-- What you have to do --
Only what runs from the line with "I chose Clarkia" to the end of the data should appear in the answer, exactly as written and without pictures.

-- Information provided --
┌──
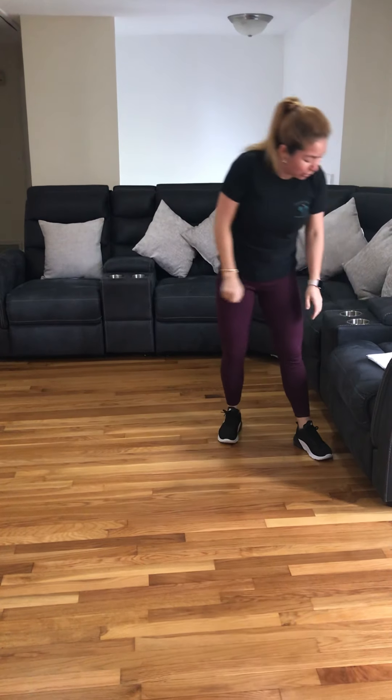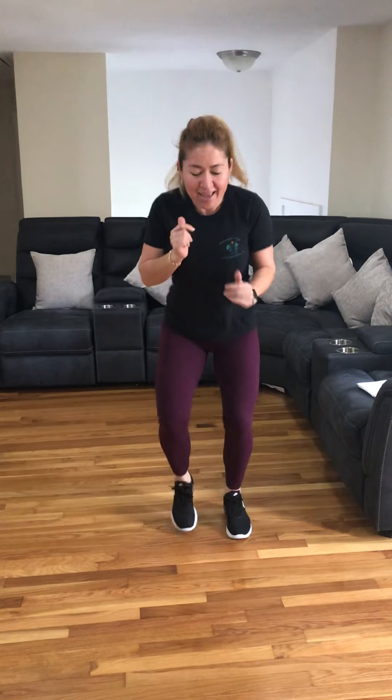So we're going to jump in place. Come on, let's go, let's go, you can do it, let's go — for 20 seconds. Come on, you can do it. 10, 9, 8, 7, 6, 5, 4, come on, 3, 2, 1.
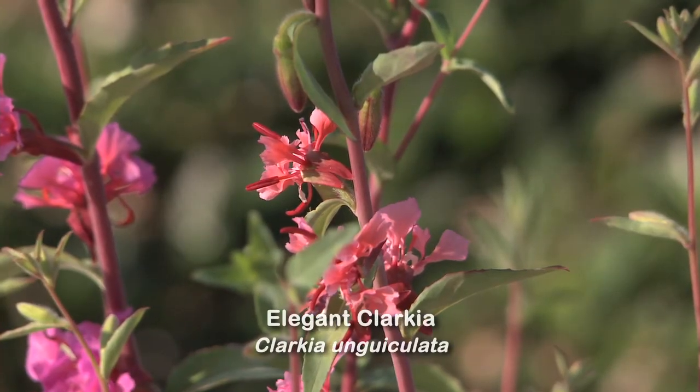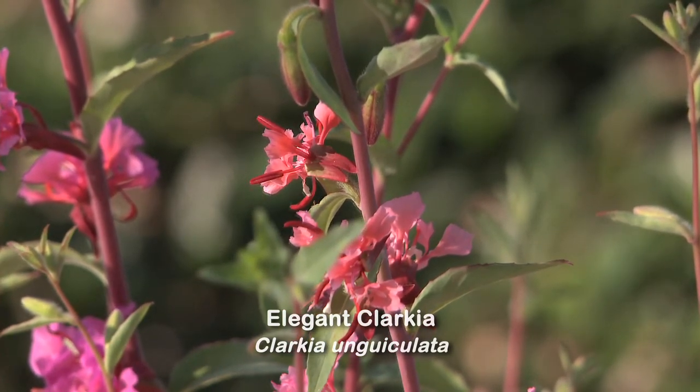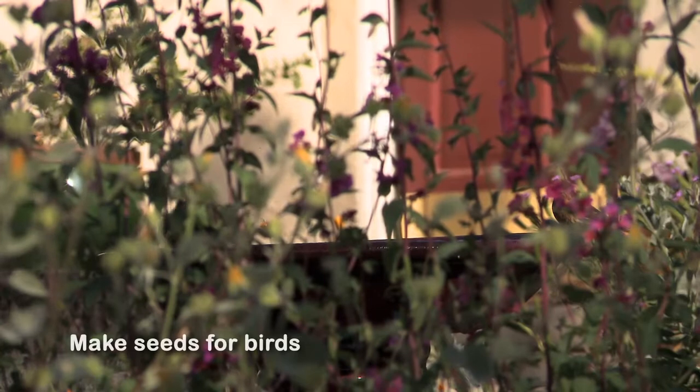I chose Clarkia because I wanted all kinds of colors in the garden. Clarkia is known for its magenta flowers, its pink flowers, and they also come in white. The flowers are great for all kinds of pollinators, and once pollinated they make seeds for birds.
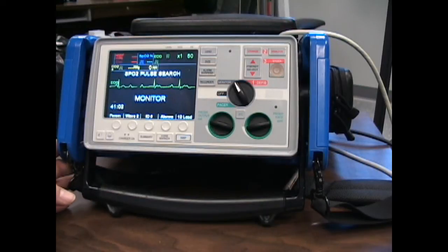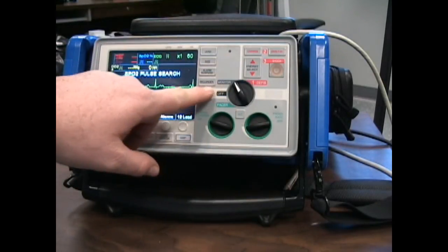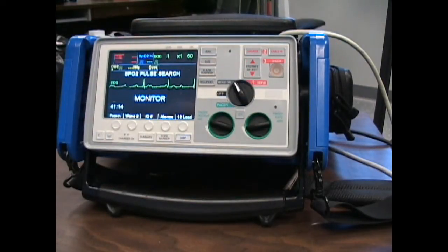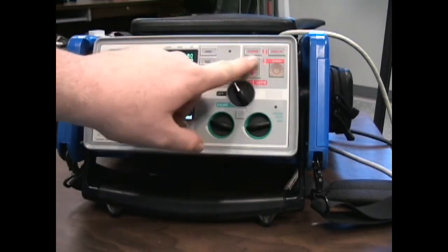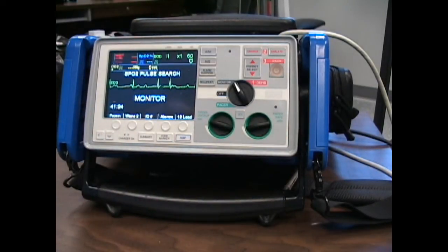Let's go over the Zoll E-Series we carry here at Rocky and Ken EMS. Notice it's a very easy laid-out pad. We have the monitor side, which is gray, and all the monitor buttons correspond to it. To the right of that, we have the defibrillator side, which is red, with all the buttons that correspond to that. Today we're going to be focused on the green section, which is the pacer side.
└──
-- Solution below --
I chose Clarkia because I wanted all kinds of colors in the garden. Clarkia is known for its magenta flowers, its pink flowers, and they also come in white. The flowers are great for all kinds of pollinators, and once pollinated they make seeds for birds.
Let's go over the Zoll E-Series we carry here at Rocky and Ken EMS. Notice it's a very easy laid-out pad. We have the monitor side, which is gray, and all the monitor buttons correspond to it. To the right of that, we have the defibrillator side, which is red, with all the buttons that correspond to that. Today we're going to be focused on the green section, which is the pacer side.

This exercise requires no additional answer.